Provided data:
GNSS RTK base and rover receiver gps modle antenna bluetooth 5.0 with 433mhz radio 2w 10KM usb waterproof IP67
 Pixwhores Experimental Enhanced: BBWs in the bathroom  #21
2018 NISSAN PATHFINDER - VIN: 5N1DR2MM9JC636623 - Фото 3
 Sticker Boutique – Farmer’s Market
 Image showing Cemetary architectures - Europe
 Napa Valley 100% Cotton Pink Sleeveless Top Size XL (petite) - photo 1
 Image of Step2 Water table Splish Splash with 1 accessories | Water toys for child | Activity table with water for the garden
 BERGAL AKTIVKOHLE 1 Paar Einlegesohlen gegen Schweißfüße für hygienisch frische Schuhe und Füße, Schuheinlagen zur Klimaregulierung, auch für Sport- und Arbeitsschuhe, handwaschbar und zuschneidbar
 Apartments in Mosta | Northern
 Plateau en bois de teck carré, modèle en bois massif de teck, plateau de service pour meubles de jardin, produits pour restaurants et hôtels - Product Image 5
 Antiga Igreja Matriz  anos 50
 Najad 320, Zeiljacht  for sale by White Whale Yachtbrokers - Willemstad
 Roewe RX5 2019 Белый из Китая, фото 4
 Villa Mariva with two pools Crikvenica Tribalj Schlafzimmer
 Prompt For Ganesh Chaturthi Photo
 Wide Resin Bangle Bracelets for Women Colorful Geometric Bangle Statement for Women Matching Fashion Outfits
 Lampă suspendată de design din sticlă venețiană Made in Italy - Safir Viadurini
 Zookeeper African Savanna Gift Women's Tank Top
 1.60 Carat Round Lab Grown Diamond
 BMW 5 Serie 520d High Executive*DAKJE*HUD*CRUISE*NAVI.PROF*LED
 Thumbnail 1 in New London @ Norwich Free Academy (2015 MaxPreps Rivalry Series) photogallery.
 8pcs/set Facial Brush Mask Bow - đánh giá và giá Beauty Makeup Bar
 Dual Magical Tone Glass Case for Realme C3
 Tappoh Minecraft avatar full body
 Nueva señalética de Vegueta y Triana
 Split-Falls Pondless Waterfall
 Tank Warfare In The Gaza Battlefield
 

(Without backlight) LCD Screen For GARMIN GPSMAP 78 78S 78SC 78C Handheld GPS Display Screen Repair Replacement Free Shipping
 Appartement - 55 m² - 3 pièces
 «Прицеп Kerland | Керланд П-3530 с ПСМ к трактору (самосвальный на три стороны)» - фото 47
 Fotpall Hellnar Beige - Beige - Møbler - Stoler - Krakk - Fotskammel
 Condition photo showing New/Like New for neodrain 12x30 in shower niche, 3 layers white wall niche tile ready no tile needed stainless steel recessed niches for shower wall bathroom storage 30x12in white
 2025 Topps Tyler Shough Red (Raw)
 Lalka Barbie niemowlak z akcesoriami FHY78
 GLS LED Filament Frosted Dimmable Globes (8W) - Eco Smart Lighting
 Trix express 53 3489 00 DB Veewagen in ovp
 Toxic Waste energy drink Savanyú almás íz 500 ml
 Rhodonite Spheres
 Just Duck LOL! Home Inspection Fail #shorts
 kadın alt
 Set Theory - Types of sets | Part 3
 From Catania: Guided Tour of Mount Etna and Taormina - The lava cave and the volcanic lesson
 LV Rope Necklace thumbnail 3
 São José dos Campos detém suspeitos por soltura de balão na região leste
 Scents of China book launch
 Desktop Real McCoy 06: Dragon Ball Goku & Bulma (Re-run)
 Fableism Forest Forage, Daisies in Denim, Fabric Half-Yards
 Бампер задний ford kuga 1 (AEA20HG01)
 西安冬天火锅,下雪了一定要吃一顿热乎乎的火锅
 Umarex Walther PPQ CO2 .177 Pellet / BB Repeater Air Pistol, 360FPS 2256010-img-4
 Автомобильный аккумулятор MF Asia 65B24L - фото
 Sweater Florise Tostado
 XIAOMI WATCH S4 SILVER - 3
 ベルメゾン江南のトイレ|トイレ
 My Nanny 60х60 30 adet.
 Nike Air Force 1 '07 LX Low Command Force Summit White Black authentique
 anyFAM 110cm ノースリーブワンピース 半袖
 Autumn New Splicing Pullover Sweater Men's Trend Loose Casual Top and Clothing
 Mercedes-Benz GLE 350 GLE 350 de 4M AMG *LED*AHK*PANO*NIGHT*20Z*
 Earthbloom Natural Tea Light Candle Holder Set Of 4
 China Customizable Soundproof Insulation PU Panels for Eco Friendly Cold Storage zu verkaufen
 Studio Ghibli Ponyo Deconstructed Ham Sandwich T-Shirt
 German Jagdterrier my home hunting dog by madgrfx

Work instruction: Select and copy every line of the listing with the word "bathroom".

Task output:
 Pixwhores Experimental Enhanced: BBWs in the bathroom  #21
 Condition photo showing New/Like New for neodrain 12x30 in shower niche, 3 layers white wall niche tile ready no tile needed stainless steel recessed niches for shower wall bathroom storage 30x12in white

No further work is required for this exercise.